History at the Library-Chapter 21: Thus, his words could be interpreted as I’ll make you into an Empress.
Thus, his words could be interpreted as I’ll make you into an Empress.
The Fromandi Household sold off Carden to the Capital at the chance for wealth, fame, and authority that had walked in. They had brainwashed her that if she became the Empress, she could raise the status of the household.
After she had entered society by force, she went through all different eventful days and had been named the Flower of Society by the Emperor as Duke Biron had promised.
Lady of Lilies.
It was the nomination that Vivian had also recently heard. Since everyone had called her Lily instead of her given name – she hadn’t even thought that Carden would be the Lady of Lilies.
However, if the story ended there, it could be seen as a happy ending. Wasn’t it the want of aristocratic ladies to become the Flower of Society who command all the men of the Capital with a twitch of a finger?
However, unfortunately, this was not a story, but reality. Carden was being tortured in between the Emperor and Duke Biron in the present progressive case.
She was stuck in between the man she truly loved and the man she had to marry to raise the reputation of her household.
Carden was the kind of person who was unable to express herself to the point of frustration of others. She smiled when she liked it, disliked it, or was in a difficult position. Her inherent kindness, she was stuck in between this man and that man, and unable to reject either of them. Her ambiguity had finally earned the hatred of the Duke she loved.
Of course, that didn’t mean that Carden was the only one at first. How was it her fault that only authoritative and selfish men appeared at her side?
Both the Emperor and the Duke strongly believed that their love was to be accepted and no matter how strongly the other party rejected them, neither had the capacity to listen to them and acted out violently.
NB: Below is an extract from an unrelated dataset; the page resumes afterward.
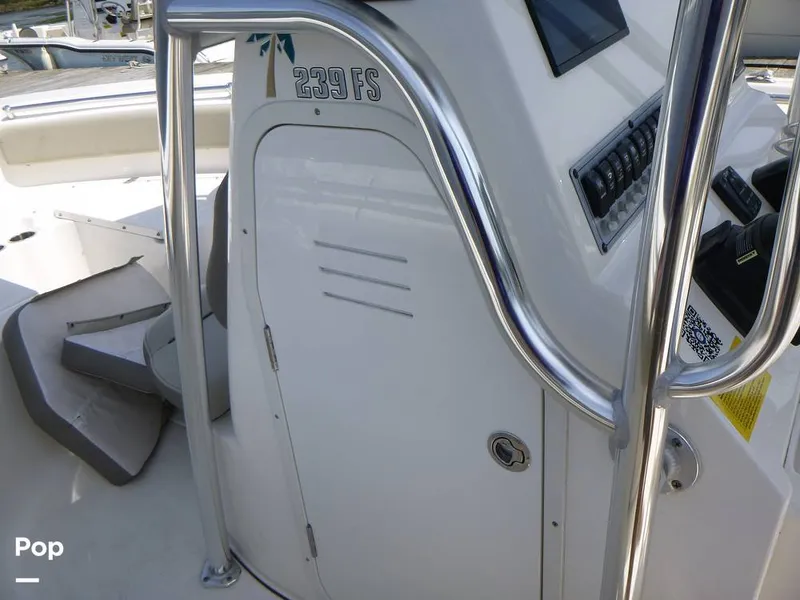 Slide: The Image of Key West 239FS 2023 - 16444166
Why was she associated herself with such bastards……, no, such people, was a question Vivian would never understand, and all she could do was accept the differences between her and Carden. Maybe she liked bada*ses.
Carden said she had started to sincerely love Duke Biron from some point in time. It wasn’t something that was imaginable from the current situation, but Duke had also sworn eternal love as well. However, ever since she’d become involved with the Emperor, everything had started to change little by little.
She wasn’t trying to quantify who did more right and wrong between the couple. However, the two seemed to have already crossed a river that shouldn’t have been crossed, and the deepened emotions seemed to only become hopelessly complicated.
Only
Just break up.
The words she had been unable to say at the time had come up to her throat.
It would become chaotic if one applied the theories of novels to reality. This was what Vivian had realized.
There is nothing left in this world when you hide your feelings.
She understood that it was painful to not be able to sufficiently express your affection when the other person had been able to express her affection fully. If one didn’t say how much they loved their beloved, no matter how much you shouted your love after their relationship had become twisted, they would not hear it. There was nothing worse than a relationship where love only hurt them more separation.
Her relationship with Ray was of passing acquaintances – they did not ask about each other, let alone whisper their affections towards each other. However, it would be disappointing to just become strangers, and she had decided it would be better to passionately thrust herself onto him even if she was rejected.
I don’t even wish to be the protagonist. But I don’t want to be remembered as extra 1 by Ray.
Vivian had a shameless personality that didn’t have even a touch of shyness, but she was still the type of person to never reveal her feelings in front of the person she liked. It was a result of being single for so long and thought that it was pointless because of her chastity oath.